Para la diversidad de estructura 3º, los datos estructurales directos de cristalografía de rayos X, RMN o EM se pueden usar para comparar proteínas como un dominio de proteína completo o individual (pequeños módulos de plegado independiente dentro de una proteína). Hay cerca de 1000 diferentes pliegues vistos en la naturaleza, con la mayoría de los pliegues que pertenecen a un puñado de fols-superfamilies (es decir, el pliegue de ciclina, o el pliegue de inmunoglobulina se ve en la mayoría de los anticuerpos). Las proteínas se pueden caracterizar funcionalmente de acuerdo con los pliegues que adoptan y existen numerosas herramientas bioinformáticas para doblar el análisis de predicción de nuevas proteínas para mostrar la relación con otras proteínas conocidas (es decir, PHYRE3). Sin embargo, si está hablando de un índice particular de categorización de la diversidad de proteínas en términos de estructura 3º, puede usar rmsd (desviación cuadrática media). Cuando se utiliza esto, se deben comparar las proteínas con una arquitectura similar o pliegues (de lo contrario, es como comparar manzanas con las naranjas: inútil). Originalmente diseñado para comparar la desviación media del modelo estructural con la proteína real, o la de dos modelos estructurales entre ellos, una vez podría extrapolarse su definición para incluir las diferencias entre diferentes proteínas pertenecientes a la misma clase. Esto puede ser útil cuando, por ejemplo, se necesita encontrar un mecanismo de una proteína, pero faltan datos estructurales para ciertos estados conformacionales, las únicas estructuras disponibles son las de proteínas relacionadas (pero no idénticas). Un rmsd bajo significa una relación cercana de las proteínas, mientras que una grande significa poco parecido.

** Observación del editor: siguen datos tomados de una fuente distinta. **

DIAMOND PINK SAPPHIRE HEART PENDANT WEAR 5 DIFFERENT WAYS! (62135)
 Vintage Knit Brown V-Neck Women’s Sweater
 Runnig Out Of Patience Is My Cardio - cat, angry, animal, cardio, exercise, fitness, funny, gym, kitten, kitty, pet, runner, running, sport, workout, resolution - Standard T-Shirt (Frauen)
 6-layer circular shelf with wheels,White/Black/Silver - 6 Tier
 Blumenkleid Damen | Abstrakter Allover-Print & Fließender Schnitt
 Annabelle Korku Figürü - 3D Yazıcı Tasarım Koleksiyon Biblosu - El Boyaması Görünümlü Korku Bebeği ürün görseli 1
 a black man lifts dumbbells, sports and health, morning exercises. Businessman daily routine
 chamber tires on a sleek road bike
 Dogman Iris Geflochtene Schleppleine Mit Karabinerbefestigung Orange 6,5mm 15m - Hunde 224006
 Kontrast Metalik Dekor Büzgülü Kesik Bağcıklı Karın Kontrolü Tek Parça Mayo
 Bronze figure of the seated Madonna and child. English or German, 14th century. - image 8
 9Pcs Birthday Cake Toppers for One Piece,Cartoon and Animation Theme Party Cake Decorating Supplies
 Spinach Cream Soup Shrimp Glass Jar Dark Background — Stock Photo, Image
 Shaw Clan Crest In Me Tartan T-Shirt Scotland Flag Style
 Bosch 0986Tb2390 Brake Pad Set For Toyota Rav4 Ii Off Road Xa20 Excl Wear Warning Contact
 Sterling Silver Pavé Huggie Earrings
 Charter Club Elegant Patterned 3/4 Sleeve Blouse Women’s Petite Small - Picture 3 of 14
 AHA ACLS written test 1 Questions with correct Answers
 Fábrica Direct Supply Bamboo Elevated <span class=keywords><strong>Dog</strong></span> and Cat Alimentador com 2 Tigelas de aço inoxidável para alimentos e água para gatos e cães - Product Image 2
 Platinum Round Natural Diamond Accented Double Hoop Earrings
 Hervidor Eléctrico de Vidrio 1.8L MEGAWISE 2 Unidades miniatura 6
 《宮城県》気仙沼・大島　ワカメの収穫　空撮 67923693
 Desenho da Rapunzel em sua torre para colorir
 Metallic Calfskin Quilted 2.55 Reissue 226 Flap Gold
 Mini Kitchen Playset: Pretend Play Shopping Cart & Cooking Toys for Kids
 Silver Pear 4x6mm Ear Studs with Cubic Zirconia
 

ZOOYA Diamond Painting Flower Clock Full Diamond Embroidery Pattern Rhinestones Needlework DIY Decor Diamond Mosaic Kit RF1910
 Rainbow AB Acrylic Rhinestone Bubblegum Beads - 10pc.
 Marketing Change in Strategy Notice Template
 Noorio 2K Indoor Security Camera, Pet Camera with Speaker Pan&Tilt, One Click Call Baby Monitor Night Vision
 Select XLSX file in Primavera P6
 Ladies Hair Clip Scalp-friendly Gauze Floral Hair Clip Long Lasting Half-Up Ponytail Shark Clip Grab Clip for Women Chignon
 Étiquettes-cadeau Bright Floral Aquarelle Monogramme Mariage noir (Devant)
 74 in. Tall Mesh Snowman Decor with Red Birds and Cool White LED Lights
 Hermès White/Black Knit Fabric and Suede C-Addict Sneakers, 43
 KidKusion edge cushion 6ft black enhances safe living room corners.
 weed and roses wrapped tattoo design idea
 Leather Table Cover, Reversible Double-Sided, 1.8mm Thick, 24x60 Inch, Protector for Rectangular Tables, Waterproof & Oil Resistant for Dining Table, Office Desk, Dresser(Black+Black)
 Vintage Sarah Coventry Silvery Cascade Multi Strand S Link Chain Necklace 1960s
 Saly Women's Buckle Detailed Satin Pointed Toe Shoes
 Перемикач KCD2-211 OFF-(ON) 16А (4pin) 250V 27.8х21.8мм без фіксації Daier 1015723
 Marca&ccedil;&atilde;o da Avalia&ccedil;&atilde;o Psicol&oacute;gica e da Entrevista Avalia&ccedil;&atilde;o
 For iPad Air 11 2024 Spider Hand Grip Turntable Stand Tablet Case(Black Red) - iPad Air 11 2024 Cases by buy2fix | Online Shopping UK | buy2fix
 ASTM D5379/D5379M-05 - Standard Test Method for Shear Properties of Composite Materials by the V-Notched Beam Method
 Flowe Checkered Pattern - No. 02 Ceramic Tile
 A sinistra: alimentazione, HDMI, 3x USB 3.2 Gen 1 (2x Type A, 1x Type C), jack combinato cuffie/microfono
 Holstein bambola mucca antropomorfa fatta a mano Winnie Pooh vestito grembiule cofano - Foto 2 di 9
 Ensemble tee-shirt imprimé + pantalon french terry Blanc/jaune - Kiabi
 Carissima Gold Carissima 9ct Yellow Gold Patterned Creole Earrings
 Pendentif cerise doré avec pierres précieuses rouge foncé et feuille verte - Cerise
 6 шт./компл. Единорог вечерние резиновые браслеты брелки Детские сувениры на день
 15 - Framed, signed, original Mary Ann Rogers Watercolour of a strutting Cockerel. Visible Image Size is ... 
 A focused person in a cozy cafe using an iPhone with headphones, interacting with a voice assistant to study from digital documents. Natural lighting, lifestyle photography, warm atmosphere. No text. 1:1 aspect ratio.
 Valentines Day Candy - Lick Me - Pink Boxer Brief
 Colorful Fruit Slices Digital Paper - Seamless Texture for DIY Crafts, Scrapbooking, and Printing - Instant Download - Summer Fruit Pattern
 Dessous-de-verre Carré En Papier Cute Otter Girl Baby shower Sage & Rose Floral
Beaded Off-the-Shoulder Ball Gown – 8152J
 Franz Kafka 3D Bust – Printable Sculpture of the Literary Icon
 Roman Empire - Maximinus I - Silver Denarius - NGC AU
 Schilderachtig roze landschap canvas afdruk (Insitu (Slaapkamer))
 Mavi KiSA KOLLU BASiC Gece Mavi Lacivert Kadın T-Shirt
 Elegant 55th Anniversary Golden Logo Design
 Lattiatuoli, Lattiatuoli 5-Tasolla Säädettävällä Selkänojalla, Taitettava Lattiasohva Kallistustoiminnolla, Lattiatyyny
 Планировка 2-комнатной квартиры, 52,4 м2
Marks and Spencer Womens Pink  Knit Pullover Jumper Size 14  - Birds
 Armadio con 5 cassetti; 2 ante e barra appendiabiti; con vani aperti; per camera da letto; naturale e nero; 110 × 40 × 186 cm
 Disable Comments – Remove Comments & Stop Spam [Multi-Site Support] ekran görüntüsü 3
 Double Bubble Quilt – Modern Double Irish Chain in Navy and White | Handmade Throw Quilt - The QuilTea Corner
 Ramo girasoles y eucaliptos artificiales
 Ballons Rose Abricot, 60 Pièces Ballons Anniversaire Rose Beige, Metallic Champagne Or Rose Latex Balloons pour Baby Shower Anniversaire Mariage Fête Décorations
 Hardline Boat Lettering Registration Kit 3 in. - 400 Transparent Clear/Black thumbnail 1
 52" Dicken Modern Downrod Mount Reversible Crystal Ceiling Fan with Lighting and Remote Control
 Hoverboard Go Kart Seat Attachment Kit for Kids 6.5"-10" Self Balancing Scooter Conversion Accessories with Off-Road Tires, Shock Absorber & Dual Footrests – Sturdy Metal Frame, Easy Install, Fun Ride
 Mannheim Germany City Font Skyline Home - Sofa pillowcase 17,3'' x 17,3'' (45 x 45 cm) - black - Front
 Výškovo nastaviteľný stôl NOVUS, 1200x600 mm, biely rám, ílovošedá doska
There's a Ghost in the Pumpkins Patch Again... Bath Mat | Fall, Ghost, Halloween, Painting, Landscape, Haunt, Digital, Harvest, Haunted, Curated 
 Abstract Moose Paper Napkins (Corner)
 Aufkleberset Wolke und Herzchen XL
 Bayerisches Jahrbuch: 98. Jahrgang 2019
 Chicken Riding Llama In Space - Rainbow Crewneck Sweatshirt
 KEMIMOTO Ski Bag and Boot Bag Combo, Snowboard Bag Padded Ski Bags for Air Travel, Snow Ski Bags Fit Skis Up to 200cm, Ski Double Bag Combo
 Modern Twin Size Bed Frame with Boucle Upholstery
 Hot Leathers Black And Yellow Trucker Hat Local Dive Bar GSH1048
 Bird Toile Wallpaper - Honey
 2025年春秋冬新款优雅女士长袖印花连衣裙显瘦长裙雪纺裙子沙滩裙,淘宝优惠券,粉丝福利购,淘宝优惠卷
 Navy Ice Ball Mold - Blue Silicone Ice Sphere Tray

La estructura cuaternaria generalmente se analiza en términos de diversidad con el fin de comparar los efectos alostéricos de las proteínas que funcionan cooperativamente en un estado oligomérico. Parámetros como el coeficiente de Hill en una curva de unión de la trama de Hill pueden dar una idea de cuán divergentes son diferentes enzimas. Por ejemplo, la fosfofructoquinasa (PFK) a cuando se conoce una enzima cooperativa en humanos que también es regulada alostéricamente, no muestra un comportamiento cooperativo en absoluto en algunas especies de levadura. Por lo tanto, el coeficiente de Hill puede ser muy útil para decirle qué tan cooperativo es un sistema y cómo dos sistemas difieren en este aspecto. Esto se puede aplicar a muchas otras cosas, como copiar el parecido de diferentes tipos de hemoglobina, por ejemplo.

Hay muchos más métodos para comparar la diversidad de proteínas ya que su pregunta fue extremadamente amplia. Pero espero que esto brinde una idea de cómo se puede cuantificar esa diversidad.